Our third, and last full day in Fussen, we decided to do a morning breakfast at one of the cute café’s and then a hike. We’ve always loved being in nature/outdoors and if we can find something out in nature we will do it. This particular hike promised a fantastic overview of Fussen and a memorable experience. Breakfast was at one of the cutest little cafés’, Bio Café Baumgarten, that had both a fantastic backdrop and delicious food/drink. We fueled up with Crepe’s Croissants, and a Cappuccino for me, Blood Orange Juice for Rob. We actually stayed in this little spot for around an hour (the longest we’ve ever stayed like this) and it was just the most perfect start.

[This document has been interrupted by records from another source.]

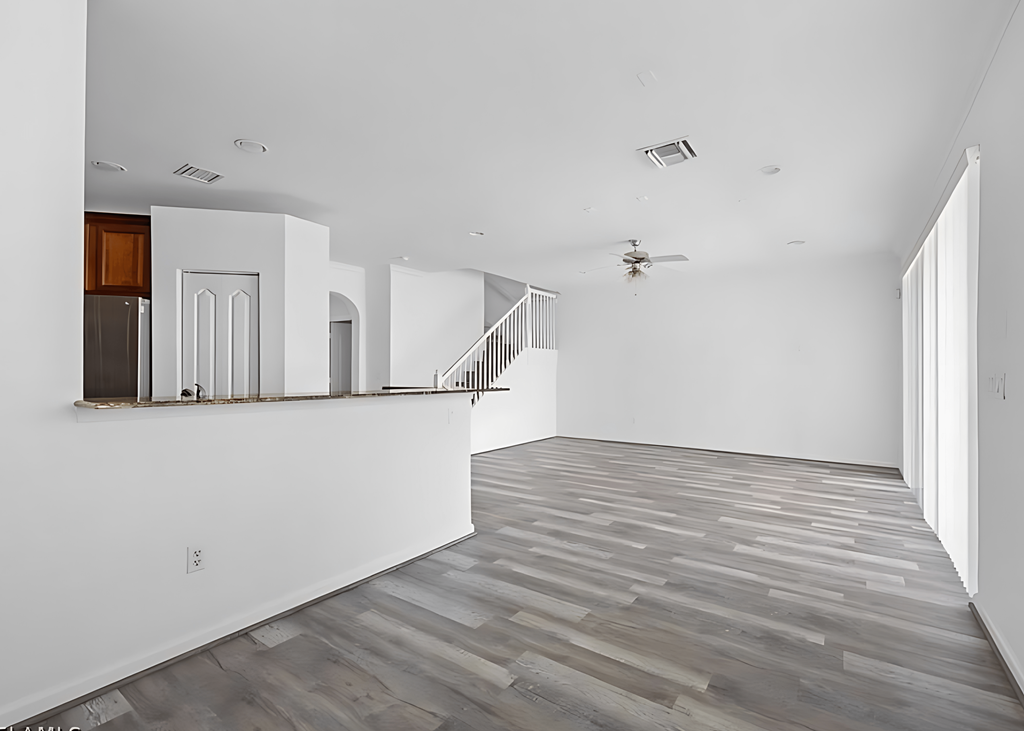 an empty living room with white walls and wood floors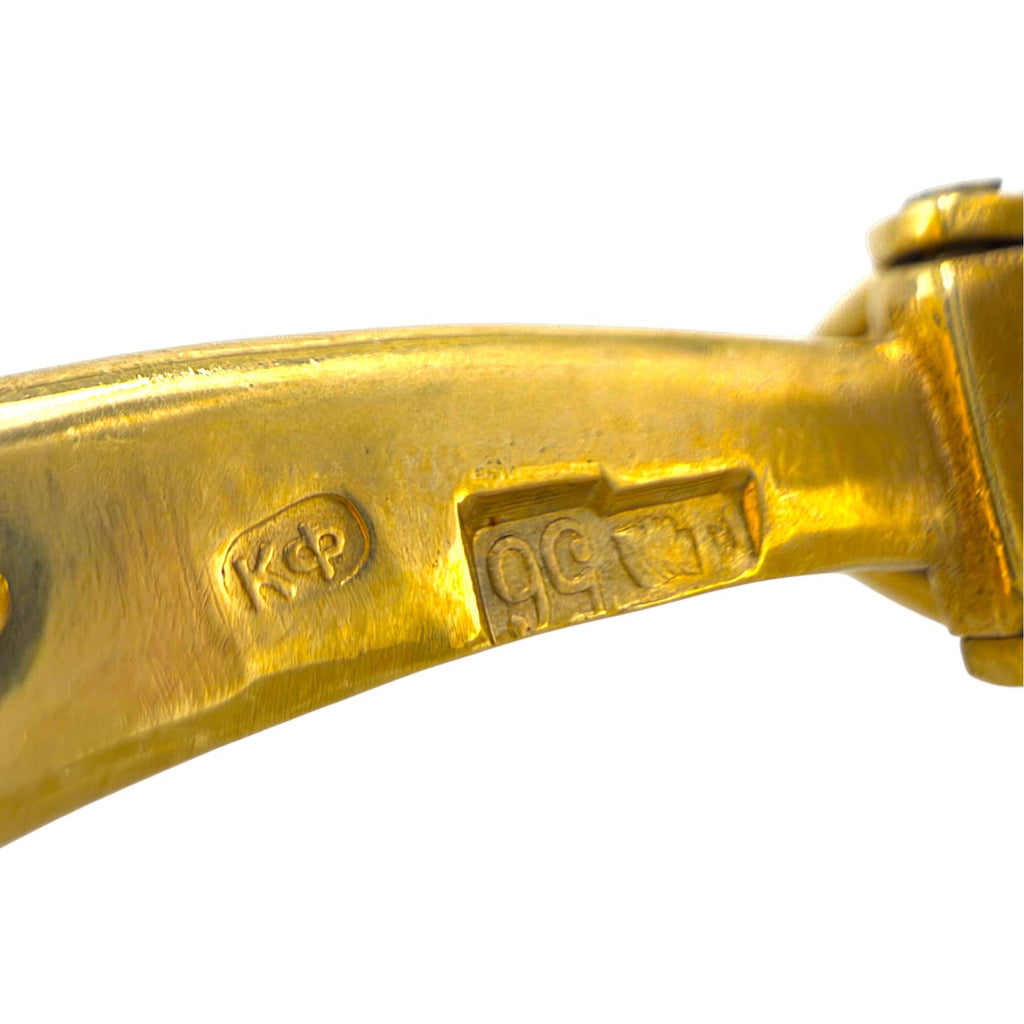 Gold cufflink bar with engraved marks, close-up of the underside fastening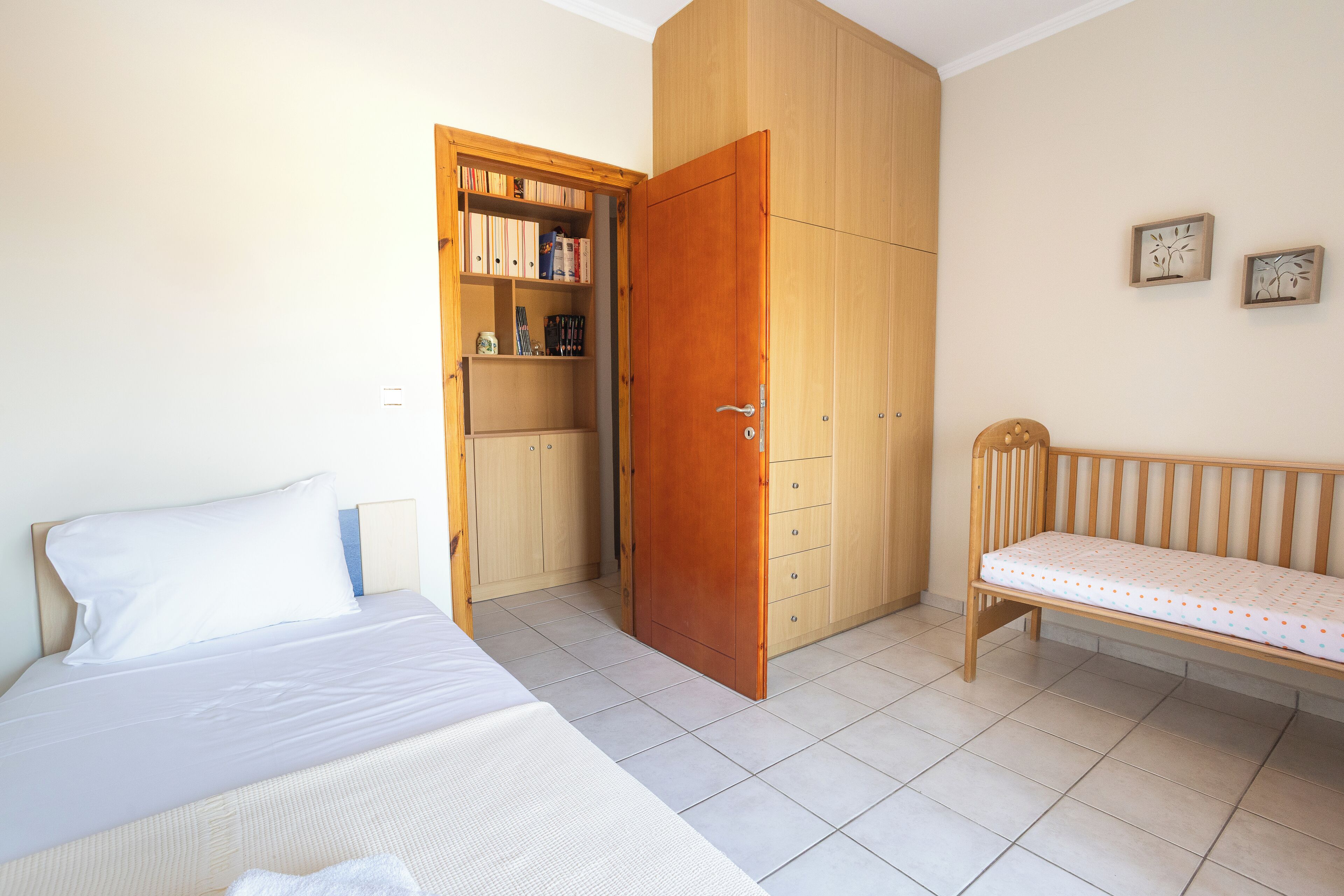 Een slaapkamer met een bed, een houten garderobe, een bankje en een plank met boeken en spullen.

The sun really came out when we headed out for the hike to Kalvarienberg. The hike is uphill and touches on some religious aspects throughout. It does not have to be a religious experience if you do not want it to be, you can treat it as just a good hike. It is uphill to begin, alternating between steps and terrain and there a couple natural break spots should you need them.

Once you reach the top you are rewarded with one of the most spectacular views that you could ever dream of.

On one side you see both castles and lake along with the Austrian Alps and on the other you get a full look at the town of Fussen.  Again, breathtaking ( I feel like that word is really the only word that can adequately describe everything we saw and experienced on this weekend away). It was truly an incredible view to see.

On our way back down from the overlook we headed to Lechfalls, which is a waterfall system with an Austrian Alps backdrop.

The waterfall themselves were a beautiful sight and it was a really pretty hike to get to them and then get back to the room. The falls themselves are quite simple, it is more the backdrop I feel that adds the level of beauty.

Our final night included dinner at Alstadt Hotel. The dinner was fantastic, as always, and afterwards we wandered the Fussen Castle.

The town of Fussen has its own castle (though not as grand as the other two) and we wandered through its cobblestone entryway, read about its siege techniques, as well as the painting technique on the exterior (hint: all the bits you see are actually painted on to the walls, except for a certain few to give it a much more grand look). The castle itself is now an art gallery, although it was closed when we walked through.

This whole weekend away was beyond my expectations and dreams. I keep using the word breathtaking, but it is really the only word that can even come close to some of the sights that we saw and experienced. I’ll be doing a tips/tricks post, although it will be shorter than some of my past ones, but I highly recommend that you add Fussen and Neushwanstein on to your must-see list!